On Sumanta Banerjee’s Open Letter

Friday 17 September 2010, by Dipanjan Rai Chaudhuri


Sumanta Banerjee is shocked at actions by intellectuals of West Bengal which might help the TMC electorally. He thinks a TMC victory will be a disaster for the people of West Bengal, and points to the bad performance of TMC-led panchayats, Mamata Banerjee’s Congress (and Youth Congress) antecedents, including support of the Emergency and closeness to Siddhartha Ray, her political mistakes, her controversial acts of commission and omission as the Railway Minister.
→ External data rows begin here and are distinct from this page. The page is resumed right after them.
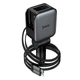 Адаптер автомобильный HOCO Z67A Triunfar car charger with dual Type-C/iP cable |1C/1A, 60W/3A, PD/QC 5262147 - изображение 3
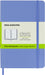 Moleskine - Classic Notebook, Plain Notebook, Soft Cover and Elastic Closure, Size Pocket 9 x 14 cm, Colour Hydrangea Blue, 192 Pages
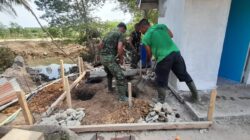 TMMD 128 Gebang, Pembuatan 5 Sumur Bor, dan Peningkatan Jalan 1500 M Terus Dikebut Satgas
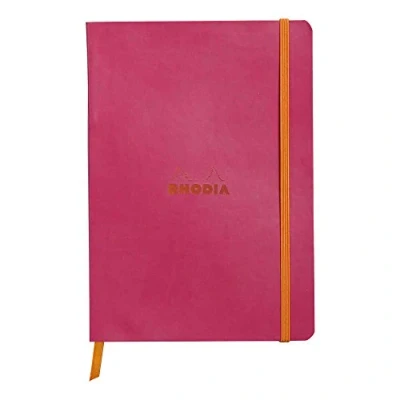 Afbeelding van Rhodia 117462C notitieboek Rhodiarama met zachte omslag, dot grid, 80 vellen, 90 g ivoorkleurig papier, A5 148 x 210 mm, bladwijzer, binnenvak, 1 stuk, framboos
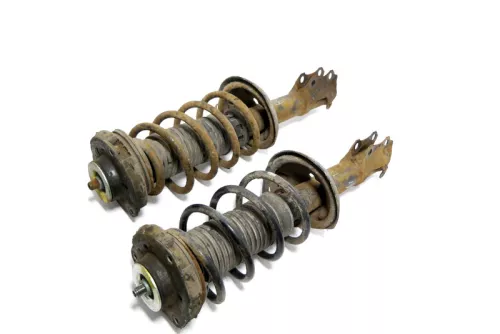 VW Polo 6N2 Federbein Feder Federn Stoßdämpfer vorne links + rechts (166348)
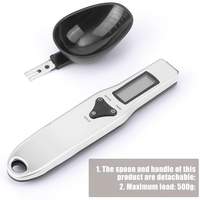 Balance de cuisine en acier inoxydable réglable de vente chaude cuisson cuillère à mesurer numérique affichage LCD balance électronique de poids des aliments
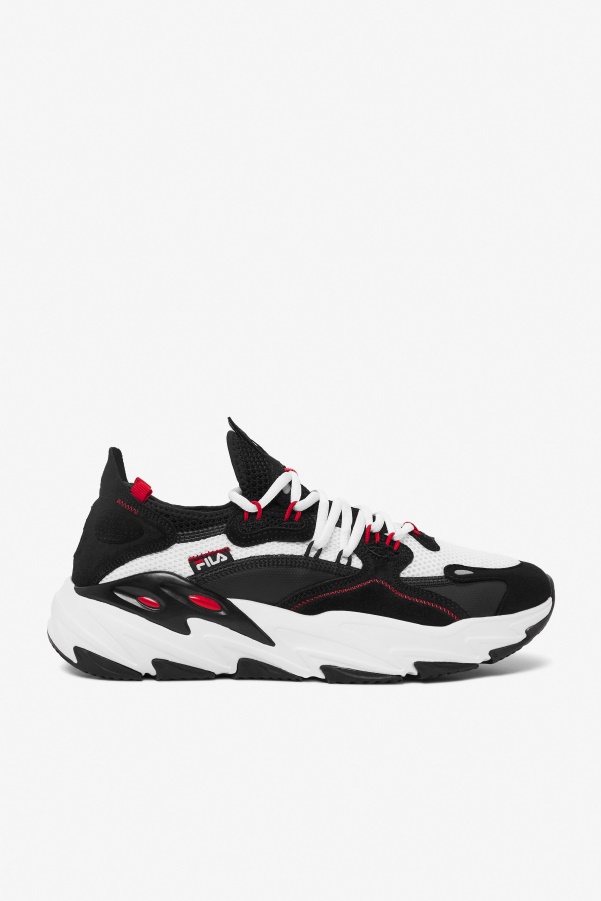 White/Black/Red Fila Men's Ray Tracer Evo 2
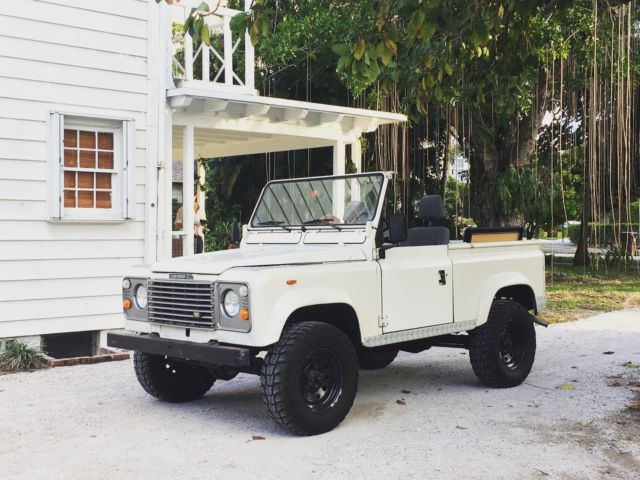 1987 ivory Land Rover Defender Convertible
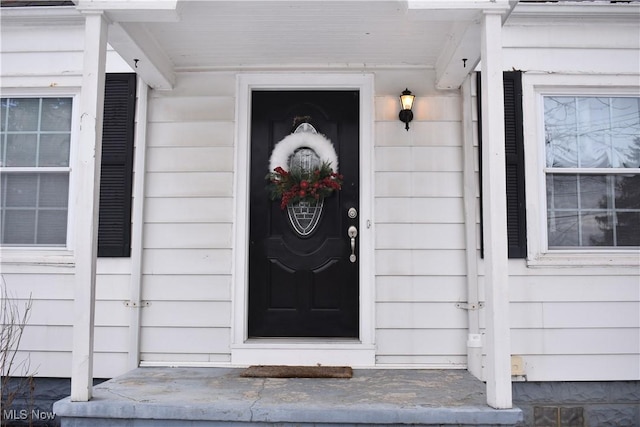 view of doorway to property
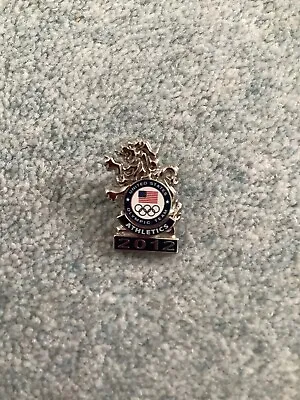 Official Athletics 'USA' Olympics LONDON 2012 'ATHLETE ISSUE' Olympic Pin Badge • £29.99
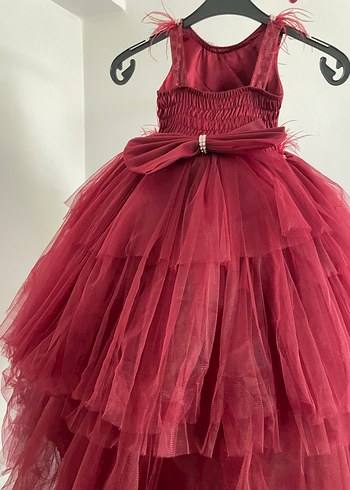 Abiye kabarık tüllü kabarık çocuk elbise - Görsel 16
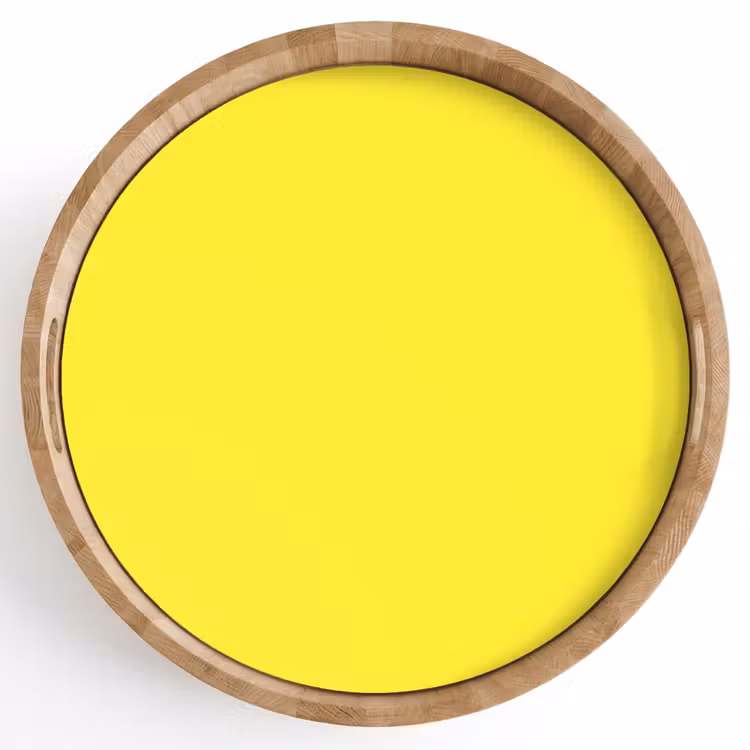 Soft - Custard - Geel Dienblad Rond middel 914 -z3d_shopping
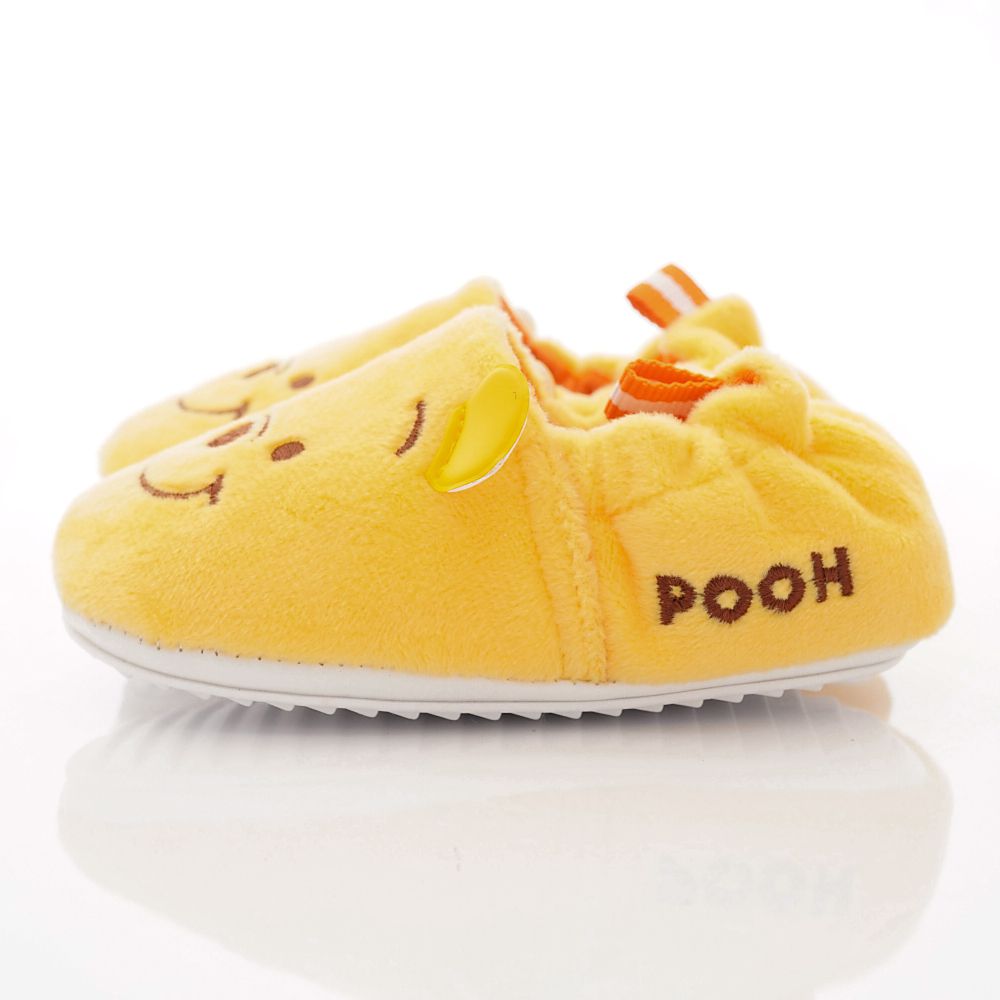 Disney - 迪士尼童鞋-維尼電繡絨毛學步鞋款 (寶寶段)-黃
Sumanta Banerjee castigates the CPI-M. He urges the intellectuals to participate in elections on a ‘sadbhavana’ platform and create a third space. Does he really believe that such a platform will impress the people who know that all electoral parties talk morality before the elections? He underestimates the height of popular hatred of the people against the CPI-M. All transgre-ssions of the TMC and its leader will be forgiven and forgotten for the time being, because, the people want to see the end of CPI-M rule (they waited forgivingly 32 years for the CPI-M to change). And, so, in fact, such a platform won’t be popular because the people will see at once that insofar it will have any effect, it will split the anti-CPI-M votes and help the CPI-M. (Such a platform is the need of the day in urban and suburban West Bengal, not to indulge in electoral farce, but to start a movement to mobilise and unite the people against corruption, neo-liberal monopolistic aggression, state terror, and fascist interference, as suggested by Sumanta Banerjee in an earlier intervention. One cannot but agree with Sumanta Banerjee that intellectuals should concentrate on building such a platform. But this should be in preparation for a Nav Nirman-or Sampurna Kranti-like movement and not for fighting elections.)
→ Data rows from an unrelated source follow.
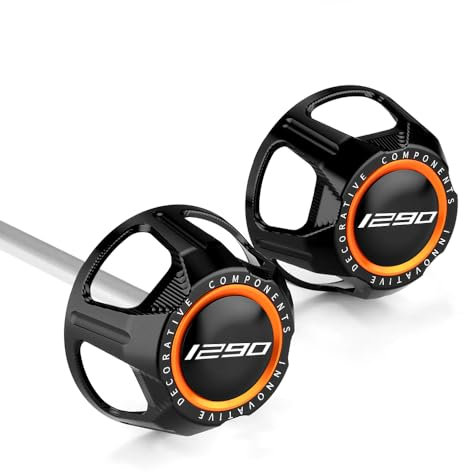 Modeer Per K.TM 1290 SUPER DUKE GT 2016 ~ 2024 1290 Super Duke R/EVO ~ 2023 protezione anticaduta ruota posteriore asse forcella crash Slider Guard accessori (nero/arancione)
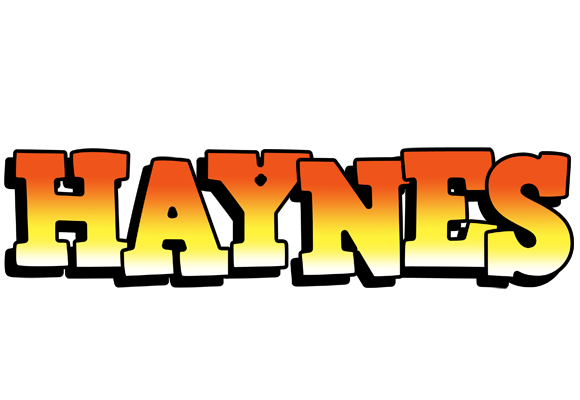 Haynes sunset logo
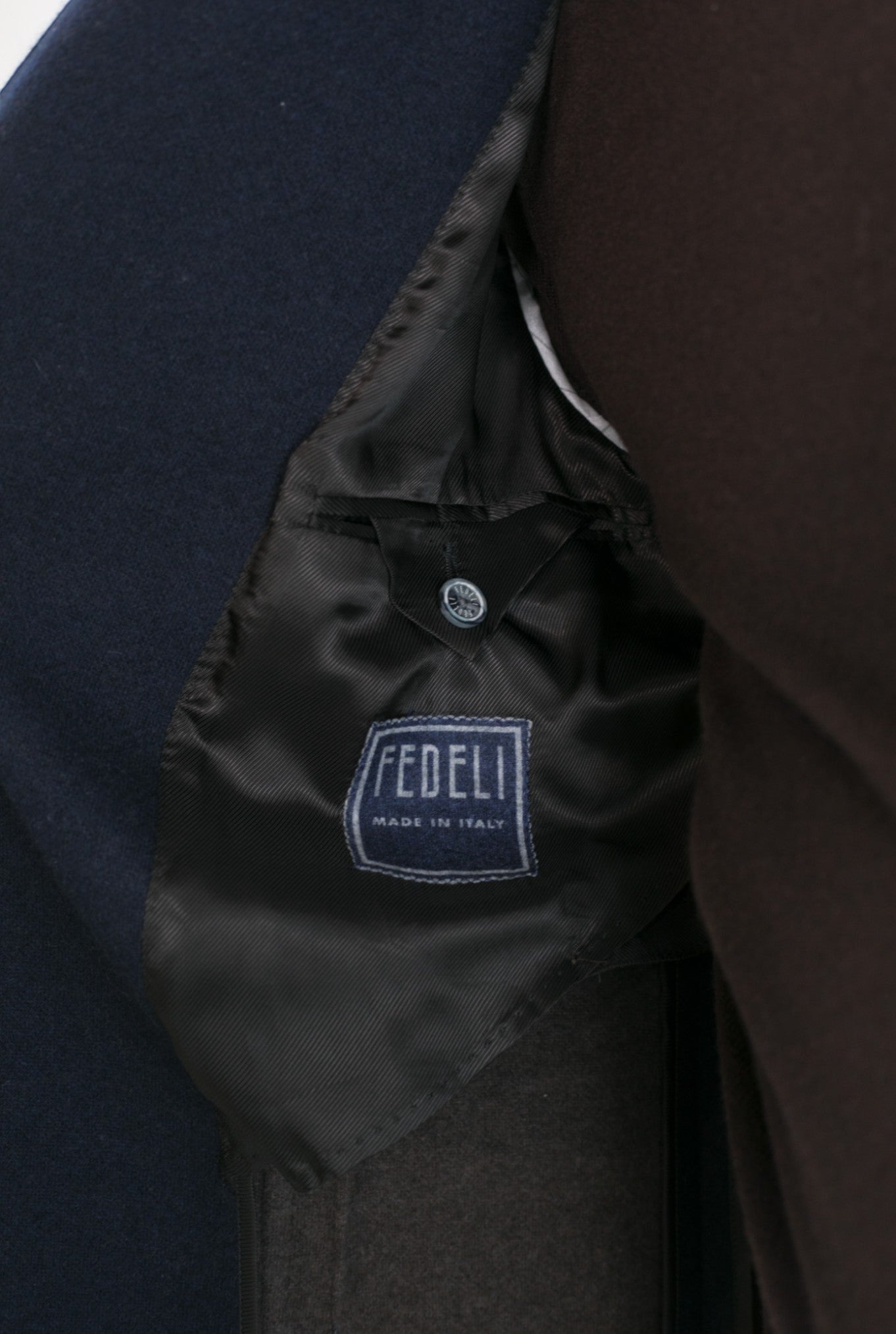 FEDELI Damon Cashmere Double Jacket Dark Blue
ONE feels sad that a perceptive and experienced political activist and author like Sumanta Banerjee does not see that a third electoral platform is a non-starter at this point, Is he suggesting this measure as a debating ploy? The only party which can dislodge the CPI-M is the TMC, and to rule out the TMC as the alternative is to accept the continuation of CPI-M rule. Sumanta Banerjee has asked the intellectuals many questions. Only one question for him—Do you prefer the CPI-M to win the next Vidhan Sabha elections or the TMC, if this is the only real choice?

In 1967, the Congress was defeated electorally for the first time in this State, and a UF Government was formed. Jyoti Basu was the Home Minister. As results were declared, we remember covering street lamps with red cellophane and putting up strings of green banana and brinjol to spite the Congress leaders. I am sure Sumanta Banerjee celebrated the Congress defeat. But this UF soon fired on Naxalbari peasants and killed the “Saptakanya, Seven Daughters”. Were we wrong in wanting a Congress defeat?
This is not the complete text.